**Requirement:**
Your answer should hold exactly the lines below from the line with "Obtaining the expected" through the line with "Hi, Al here.", both included, and no pictures at all.

**Dataset excerpts:**
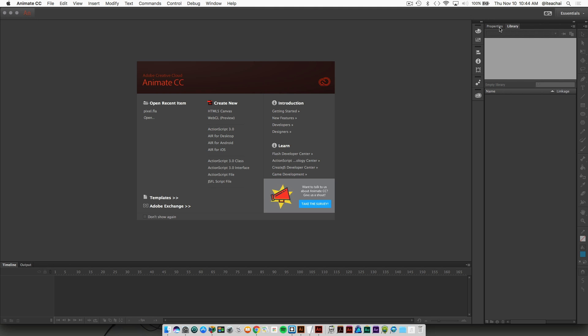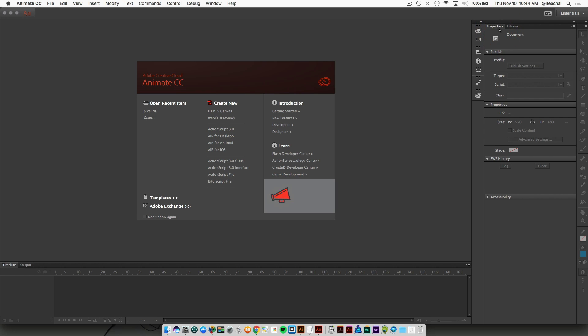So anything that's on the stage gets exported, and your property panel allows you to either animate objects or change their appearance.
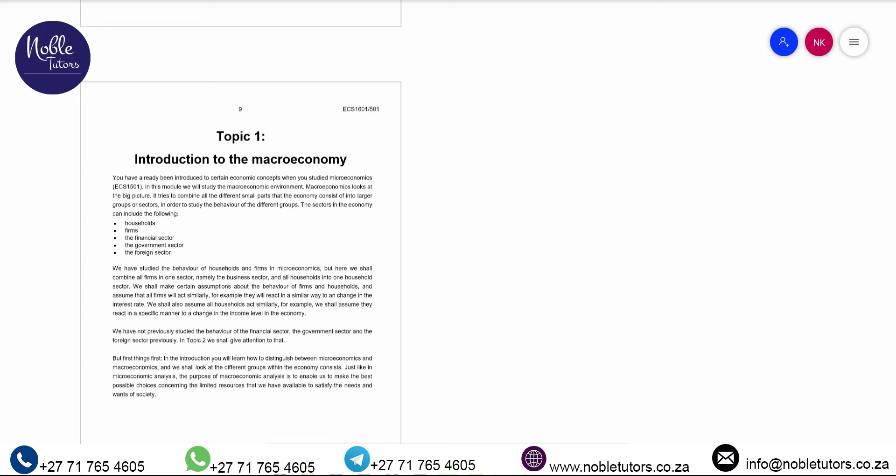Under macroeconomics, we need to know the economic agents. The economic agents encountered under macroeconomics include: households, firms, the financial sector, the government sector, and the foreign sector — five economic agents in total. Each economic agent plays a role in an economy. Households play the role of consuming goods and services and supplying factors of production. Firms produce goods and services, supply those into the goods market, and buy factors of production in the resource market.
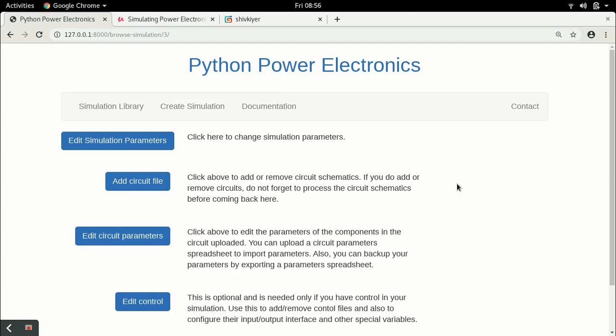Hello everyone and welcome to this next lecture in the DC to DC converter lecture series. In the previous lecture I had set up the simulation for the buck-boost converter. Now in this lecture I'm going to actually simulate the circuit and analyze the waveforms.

...

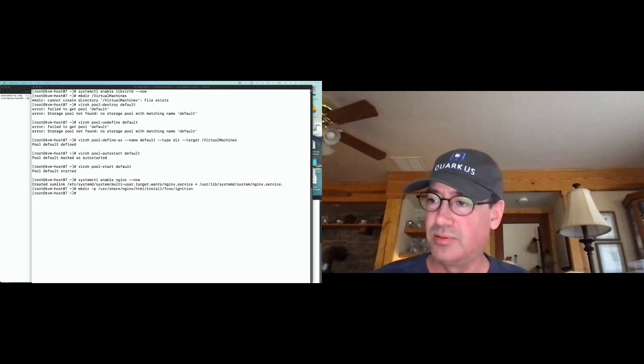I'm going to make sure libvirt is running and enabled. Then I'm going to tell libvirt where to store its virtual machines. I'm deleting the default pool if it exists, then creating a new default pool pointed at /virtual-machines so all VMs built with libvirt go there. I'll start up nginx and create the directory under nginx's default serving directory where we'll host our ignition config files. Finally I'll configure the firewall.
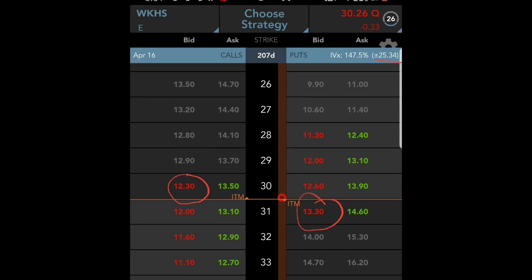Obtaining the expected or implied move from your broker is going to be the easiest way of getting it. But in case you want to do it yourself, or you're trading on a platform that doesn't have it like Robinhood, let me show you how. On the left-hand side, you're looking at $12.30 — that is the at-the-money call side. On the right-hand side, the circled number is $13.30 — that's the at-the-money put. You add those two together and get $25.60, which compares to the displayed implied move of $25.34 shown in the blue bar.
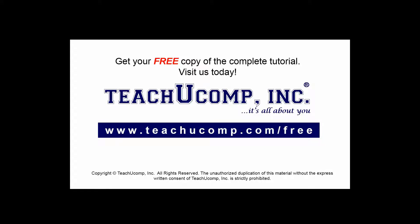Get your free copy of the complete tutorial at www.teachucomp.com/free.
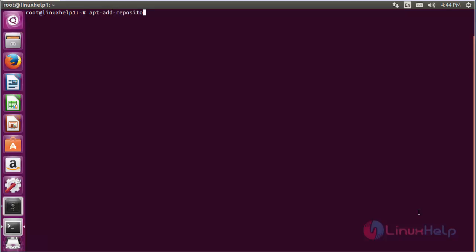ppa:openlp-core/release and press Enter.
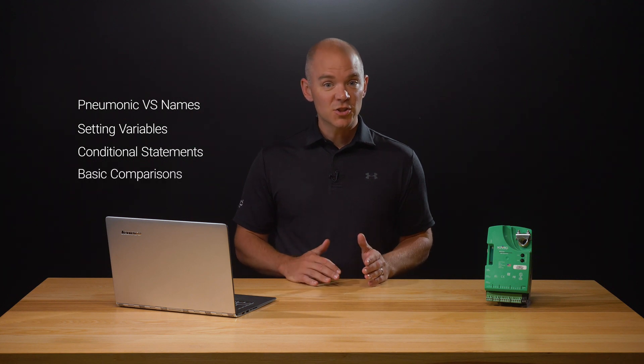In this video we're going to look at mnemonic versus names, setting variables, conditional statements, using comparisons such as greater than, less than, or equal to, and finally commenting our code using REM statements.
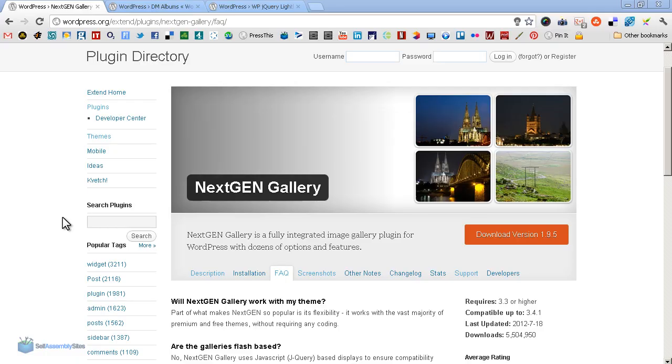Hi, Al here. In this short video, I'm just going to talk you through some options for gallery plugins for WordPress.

**Result:**
Obtaining the expected or implied move from your broker is going to be the easiest way of getting it. But in case you want to do it yourself, or you're trading on a platform that doesn't have it like Robinhood, let me show you how. On the left-hand side, you're looking at $12.30 — that is the at-the-money call side. On the right-hand side, the circled number is $13.30 — that's the at-the-money put. You add those two together and get $25.60, which compares to the displayed implied move of $25.34 shown in the blue bar.
Get your free copy of the complete tutorial at www.teachucomp.com/free.
ppa:openlp-core/release and press Enter.
In this video we're going to look at mnemonic versus names, setting variables, conditional statements, using comparisons such as greater than, less than, or equal to, and finally commenting our code using REM statements.
Hi, Al here. In this short video, I'm just going to talk you through some options for gallery plugins for WordPress.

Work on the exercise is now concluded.